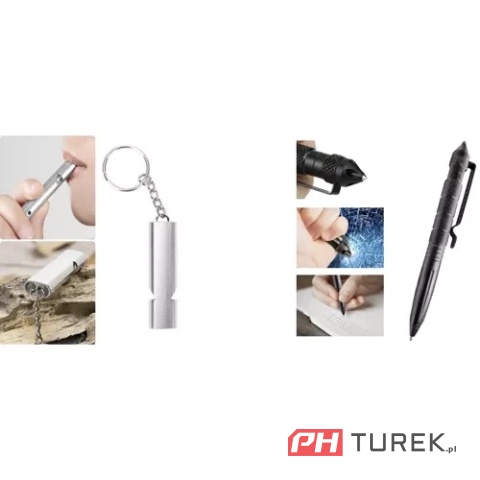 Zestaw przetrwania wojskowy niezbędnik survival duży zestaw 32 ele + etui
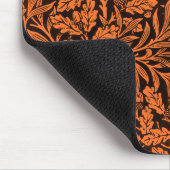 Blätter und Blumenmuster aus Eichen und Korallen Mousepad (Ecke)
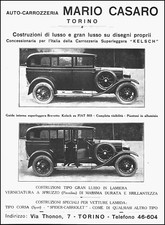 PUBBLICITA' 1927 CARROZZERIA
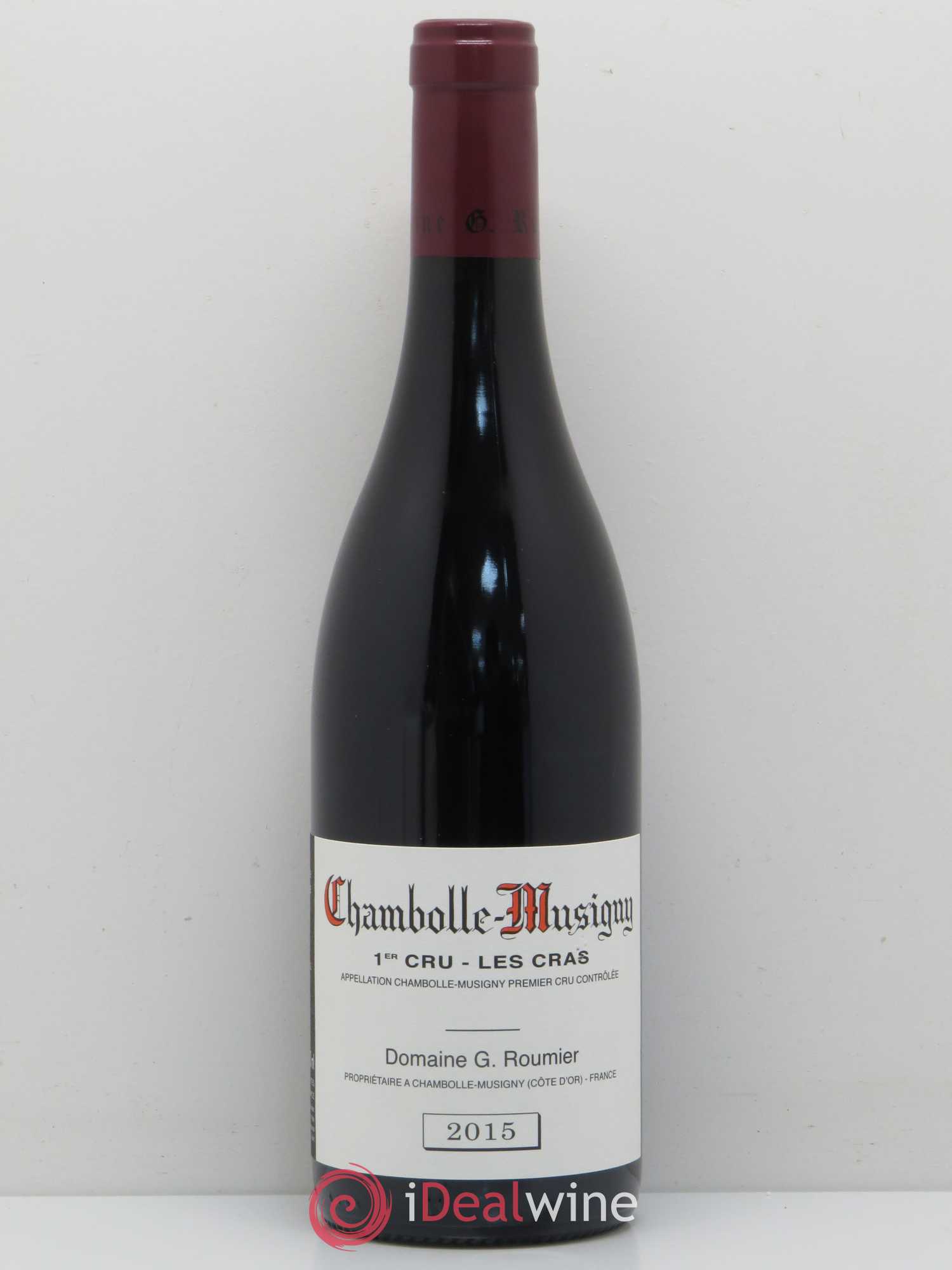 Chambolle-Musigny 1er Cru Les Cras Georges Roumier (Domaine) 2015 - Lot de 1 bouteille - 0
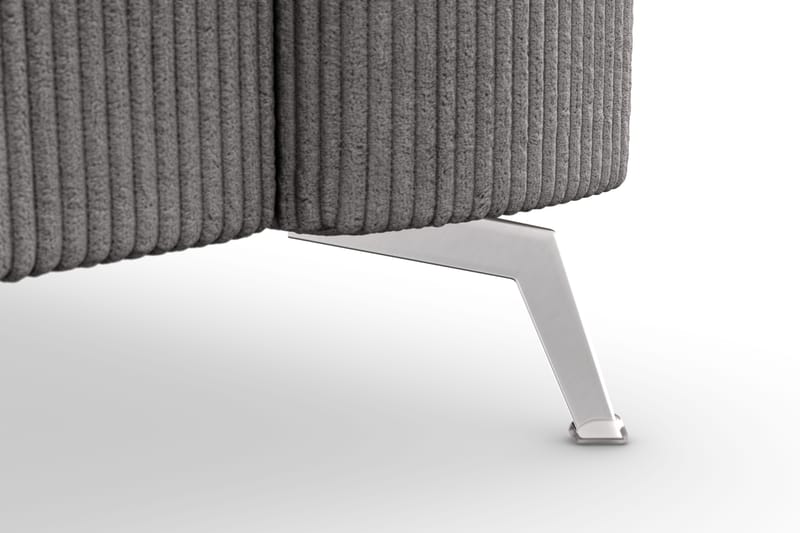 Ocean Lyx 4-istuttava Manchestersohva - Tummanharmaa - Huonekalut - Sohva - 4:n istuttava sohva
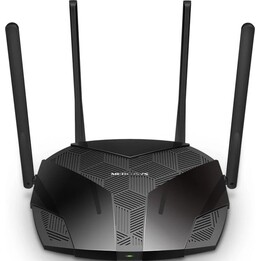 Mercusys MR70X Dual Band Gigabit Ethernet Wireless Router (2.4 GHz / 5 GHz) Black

================

Could you reproduce exactly the lines from the one containing "PUBBLICITA' 1927 CARROZZERIA" through the last line of the records, both included, leaving out the pictures?

 PUBBLICITA' 1927 CARROZZERIA
 Chambolle-Musigny 1er Cru Les Cras Georges Roumier (Domaine) 2015 - Lot de 1 bouteille - 0
 Ocean Lyx 4-istuttava Manchestersohva - Tummanharmaa - Huonekalut - Sohva - 4:n istuttava sohva
 Mercusys MR70X Dual Band Gigabit Ethernet Wireless Router (2.4 GHz / 5 GHz) Black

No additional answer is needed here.